-- WORK INSTRUCTION --
Write out a word-for-word repetition of the lines that come before the line containing "White table and" in the listing below, along with that line itself, omitting pictures.

-- SUPPLIED RECORDS --
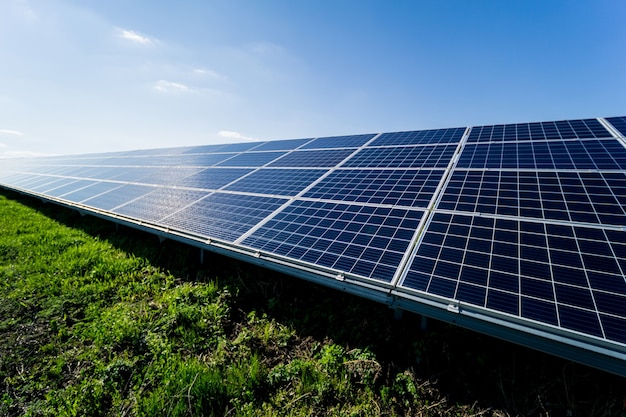 Photovoltaic solar panels on blue sky background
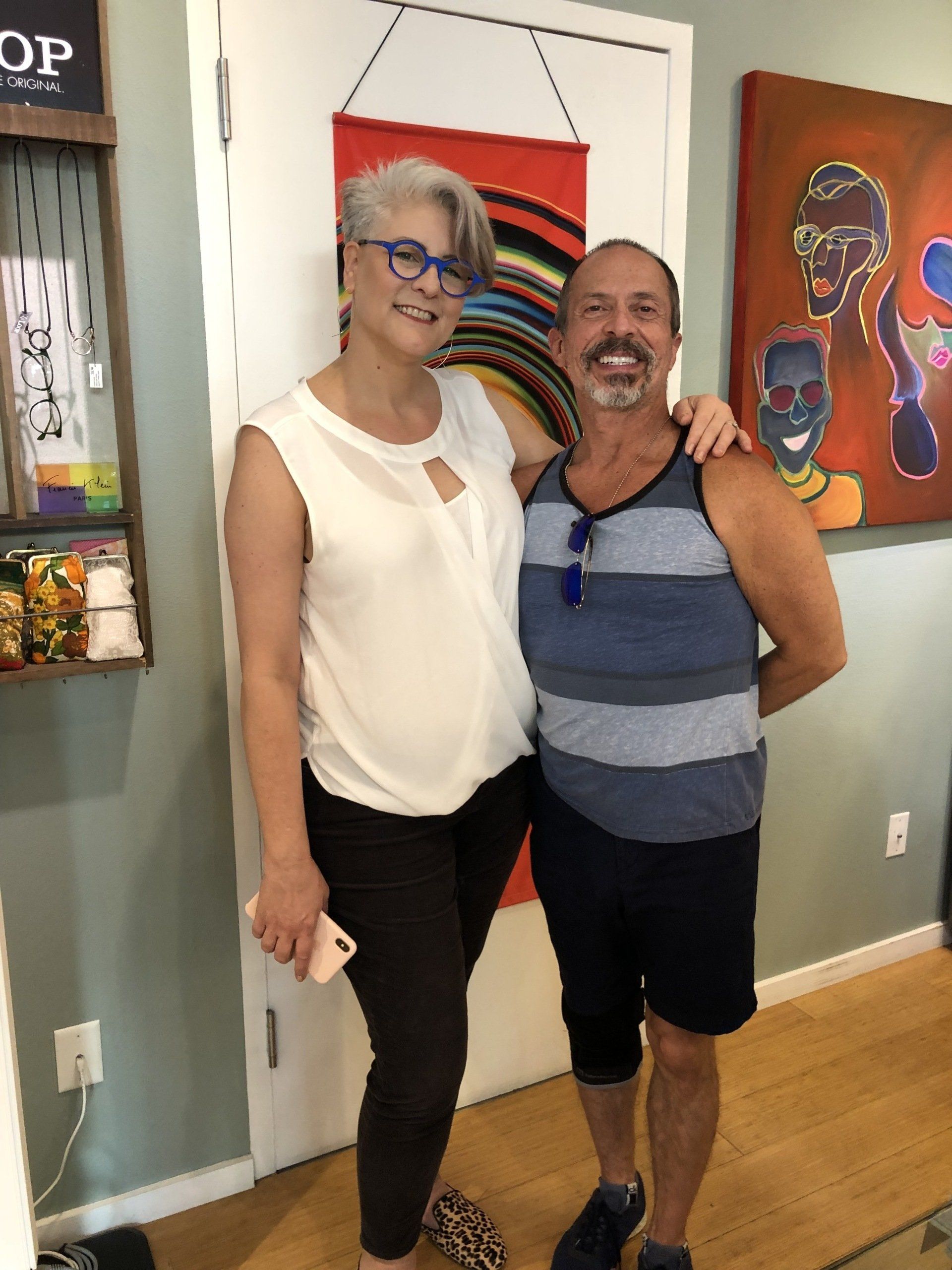 Two people posing inside store at Theo Trunk Show Event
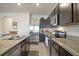 Updated kitchen featuring granite countertops and stainless steel appliances at 5367 Pinecone Ct, Wildwood, FL 34785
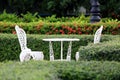 White table and chair in garden Royalty Free Stock Photo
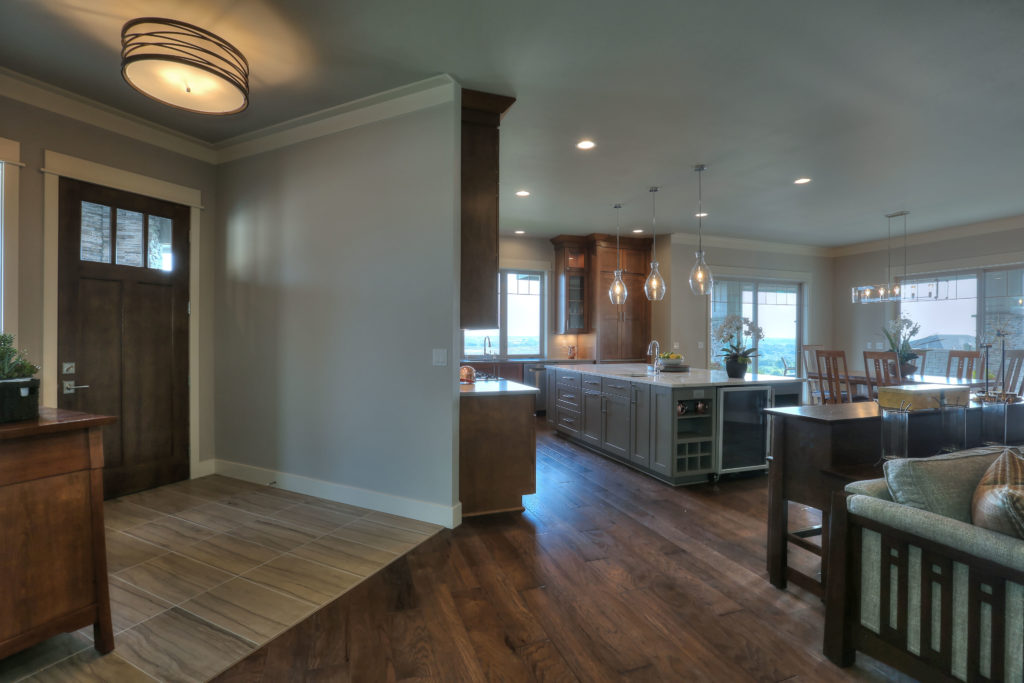 Open concept kitchen design, family room and main front door.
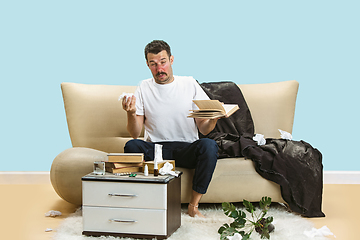 Image showing Young man suffering from hausehold dust or seasonal allergy.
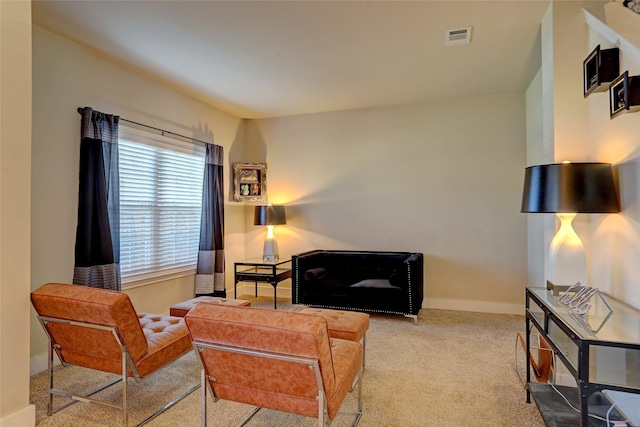 living room with carpet floors, baseboards, and visible vents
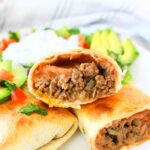 Beef Chimichangas opened up on white plate.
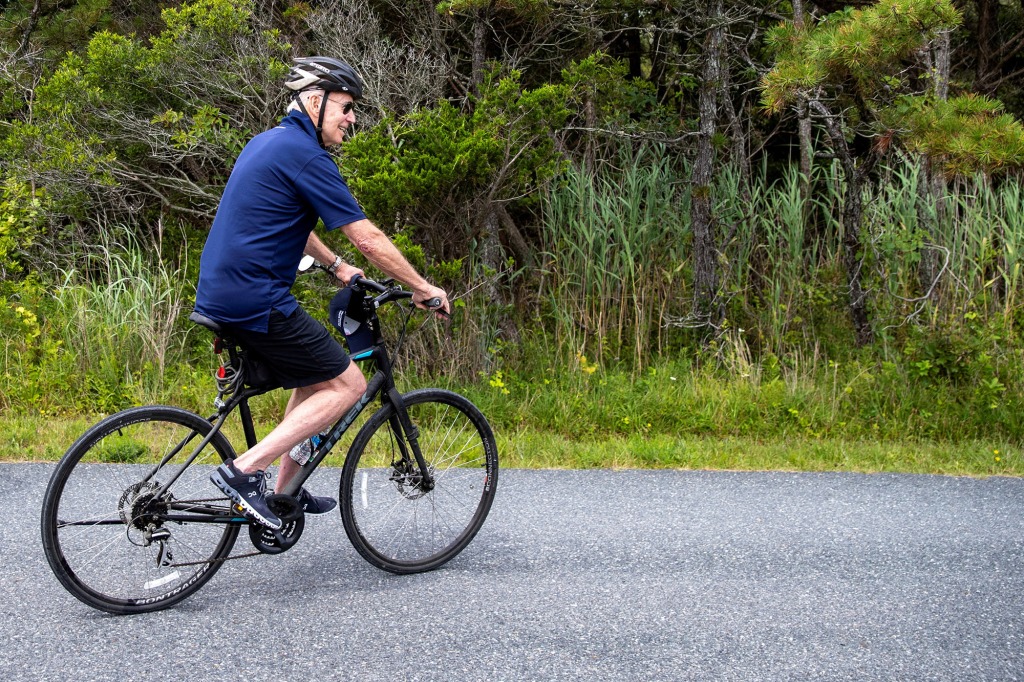 U.S. President Joe Biden rides his bike at Gordons Pond in Rehoboth Delaware, U.S., July 10, 2022.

-- RESPONSE FOR THIS EXERCISE --
 Photovoltaic solar panels on blue sky background
 Two people posing inside store at Theo Trunk Show Event
 Updated kitchen featuring granite countertops and stainless steel appliances at 5367 Pinecone Ct, Wildwood, FL 34785
 White table and chair in garden Royalty Free Stock Photo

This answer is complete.